Néanmoins, l’historique militant européen reste optimiste et exhorte même à l’audace et à l’offensive : « Strasbourg ne doit pas se tromper de champ de bataille. En ce qui concerne l’aéroport, les hôtels, les restaurants d’une grande capitale européenne, on est perdant à tous les coups sur ce terrain de la logistique. Mais Strasbourg est un lieu mythique et emblématique et là, on entre dans un autre cas de figure. A ce que je sache, La Mecque ou Lourdes ne se sont pas bâties près d’Heathrow ! La cible, ce sont ces 450 millions d’européens dont beaucoup sont nés citoyens d’Europe sans même savoir ce que ça voulait dire. Alors, si Strasbourg parvient à s’imposer comme la capitale de l’Europe des peuples, si nous savons leur parler directement –et ça passe bien sûr par ce lieu d’Europe pour que nous puissions tous nous rencontrer-, le maire de Strasbourg pourra leur dire : « Si vous voulez sentir ce qu’est vraiment l’Europe, c’est à Strasbourg que cela se passe. Venez chez nous : à pied, en avion, en vélo, en train, en trottinette mais venez-y ! »

 

C’est le moment, il faut foncer et être ambitieux, on n’a que trop tardé.

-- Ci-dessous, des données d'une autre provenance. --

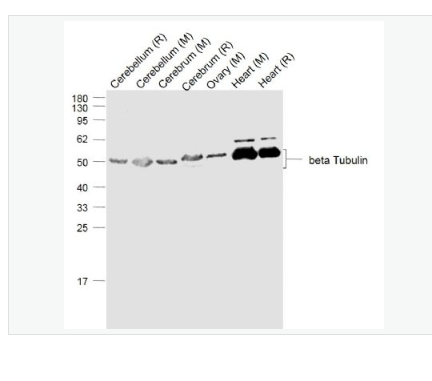 Anti-beta Tubulin (Loading Control) antibody-微管蛋白抗体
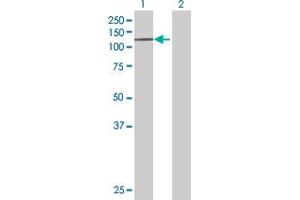 Lane 1: RASA1 transfected lysate ( 100. (RASA1 293T Cell Transient Overexpression Lysate(Denatured))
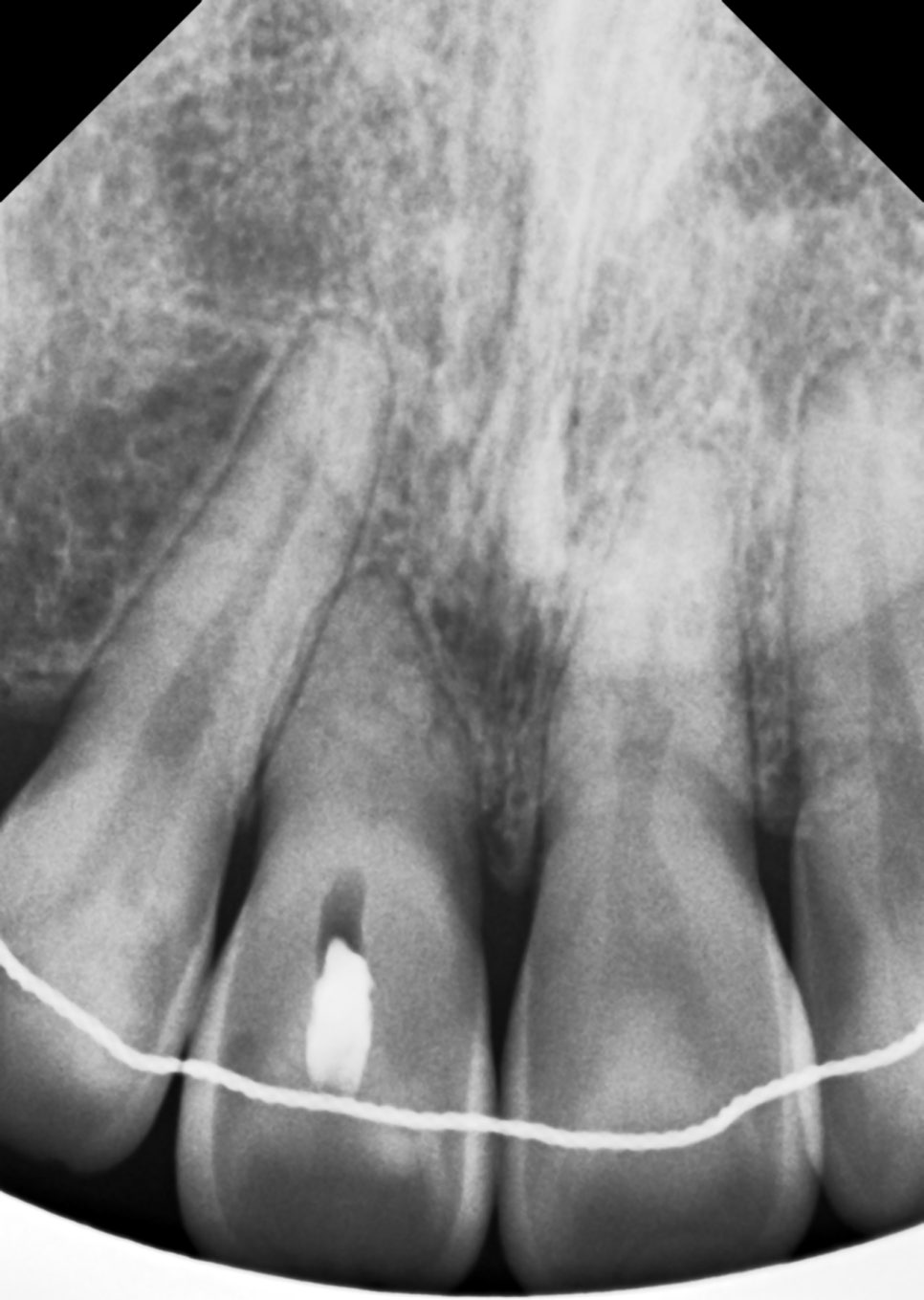 서초치과 5년간 14개 치과 돌다 본원에서 정착한 이유는? 관련 이미지 7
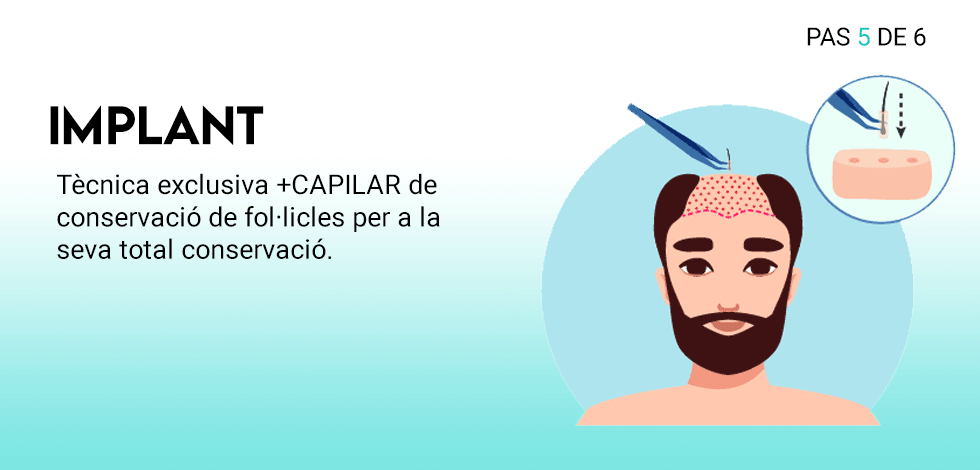 tecnica_5_cat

On trouvera les moyens, notamment financiers, pour réaliser tout ça : après tout, qui a jamais parlé d’amortissement pour la Tour Eiffel ou la cathédrale de Strasbourg ? Je reste persuadé que notre ville peut restaurer la vraie symbolique européenne, celle qui est basée sur des valeurs humaines, pas celle des technocrates pétrifiés dans leurs bureaux à Bruxelles ! C’est le moment, il faut foncer maintenant ! ».